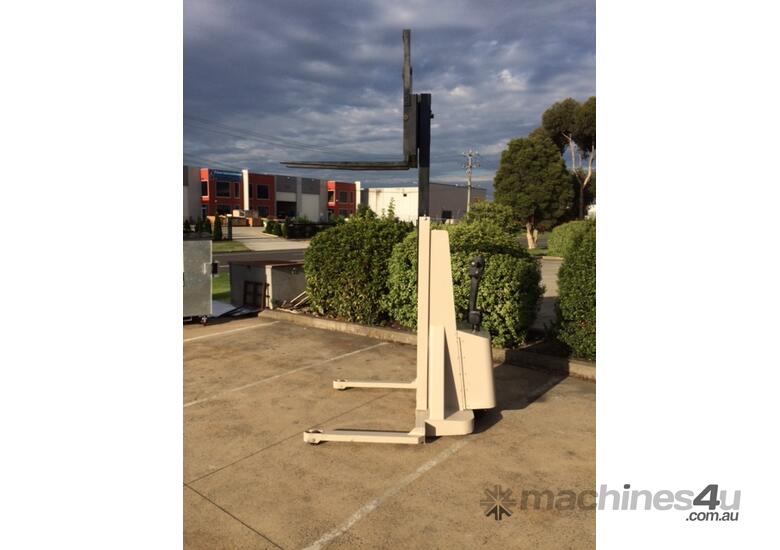 caption Crown Forklift Model 20MT90A Lifting capacity 1 T height 2.3m with new battery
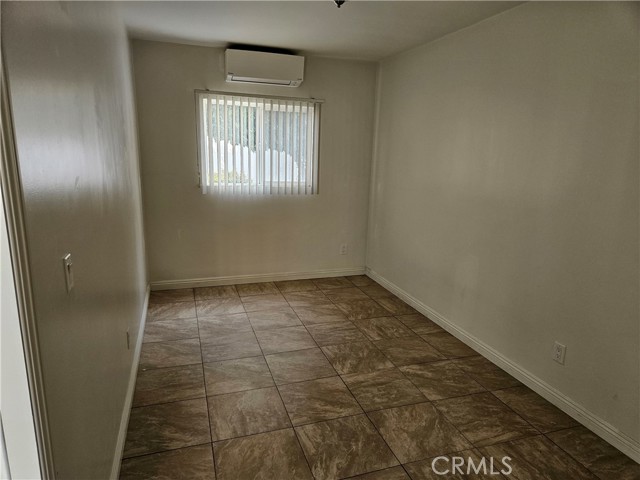 Detail Gallery Image 7 of 8 For 3810 W Heffron Dr #B,  Burbank,  CA 91505 - 1 Beds | 1 Baths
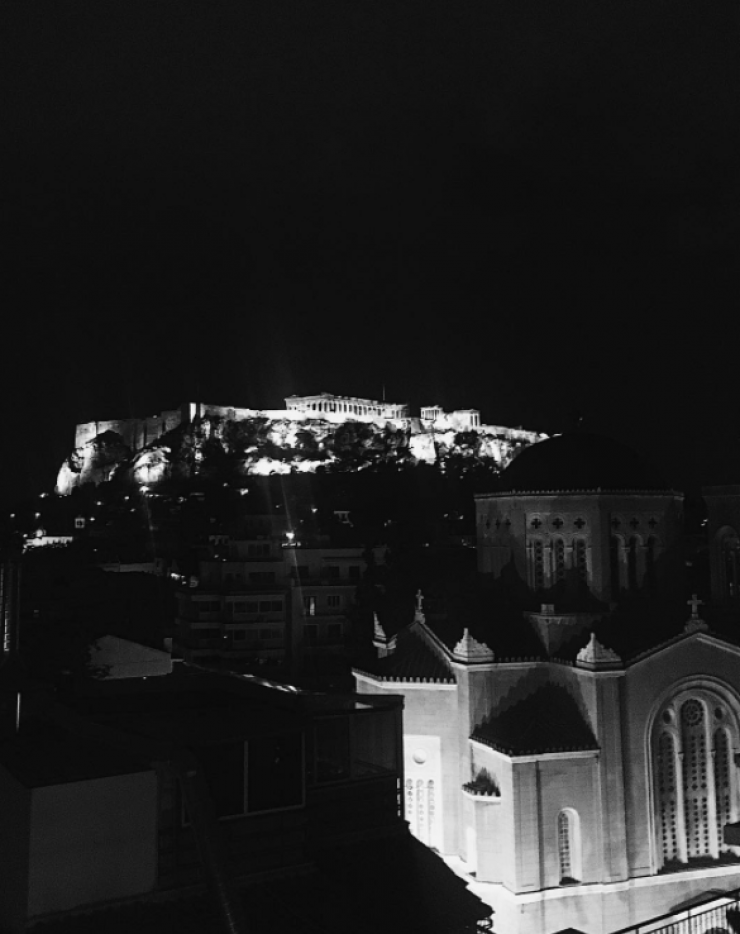 Γενέθλια για επώνυμο Κύπριο στην Αθήνα με φόντο την Ακρόπολη!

:: What is being asked ::
The job is to return the listing above exactly, minus its pictures.

:: Exercise solution ::
 caption Crown Forklift Model 20MT90A Lifting capacity 1 T height 2.3m with new battery
 Detail Gallery Image 7 of 8 For 3810 W Heffron Dr #B,  Burbank,  CA 91505 - 1 Beds | 1 Baths
 Γενέθλια για επώνυμο Κύπριο στην Αθήνα με φόντο την Ακρόπολη!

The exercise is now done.